For every line below, restate it exactly and drop the images.
** Exercise data follows **
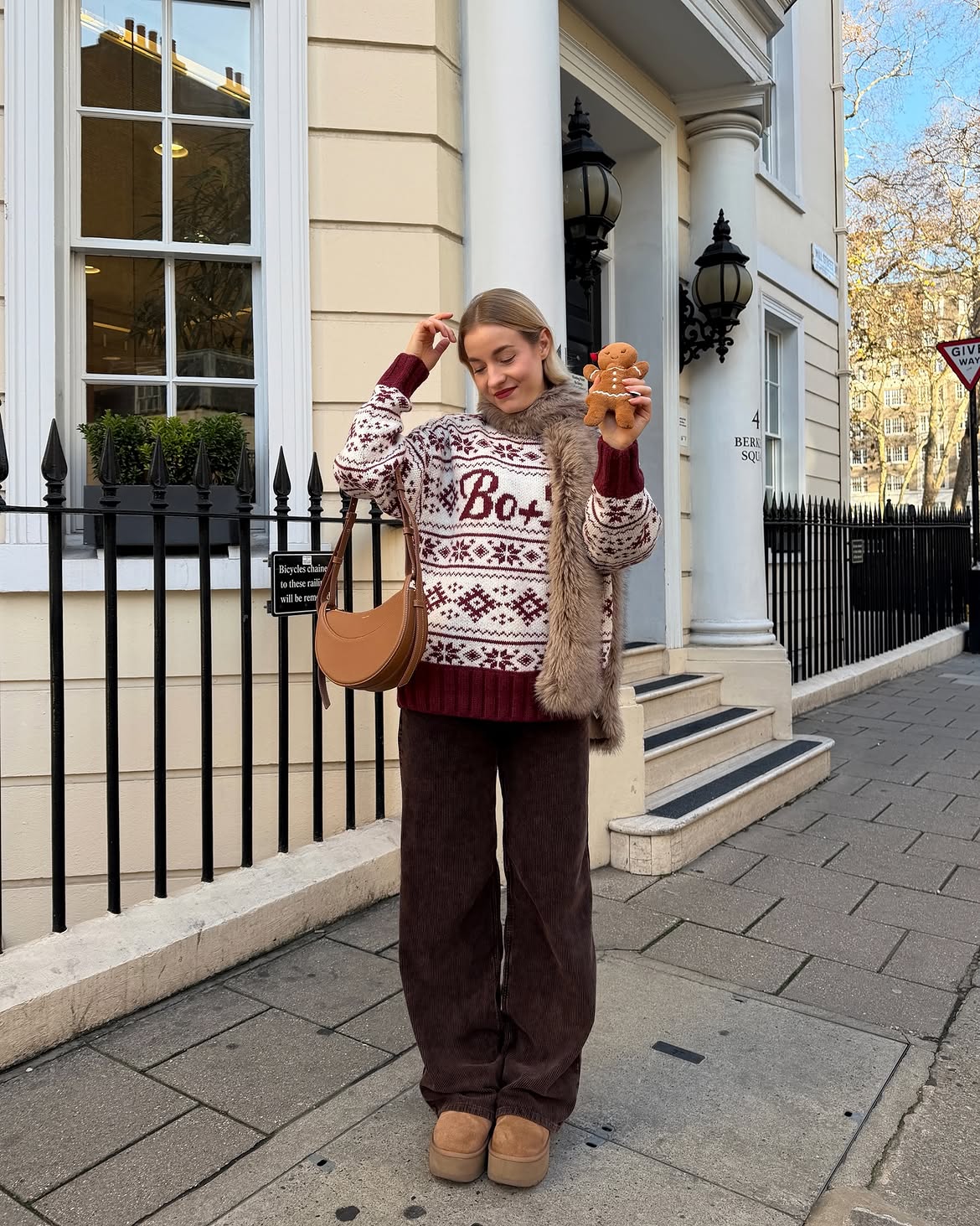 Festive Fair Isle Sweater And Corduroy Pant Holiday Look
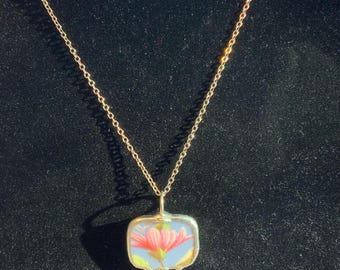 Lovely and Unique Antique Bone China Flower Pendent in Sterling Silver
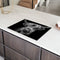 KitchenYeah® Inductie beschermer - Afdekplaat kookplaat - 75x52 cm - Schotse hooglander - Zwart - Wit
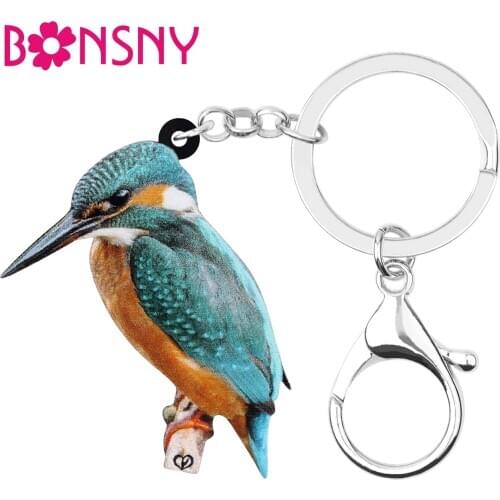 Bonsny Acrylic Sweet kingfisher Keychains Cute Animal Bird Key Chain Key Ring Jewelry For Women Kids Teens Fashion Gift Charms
** End of Exercise data **
#### Exercise output
 Festive Fair Isle Sweater And Corduroy Pant Holiday Look
 Lovely and Unique Antique Bone China Flower Pendent in Sterling Silver
 KitchenYeah® Inductie beschermer - Afdekplaat kookplaat - 75x52 cm - Schotse hooglander - Zwart - Wit
 Bonsny Acrylic Sweet kingfisher Keychains Cute Animal Bird Key Chain Key Ring Jewelry For Women Kids Teens Fashion Gift Charms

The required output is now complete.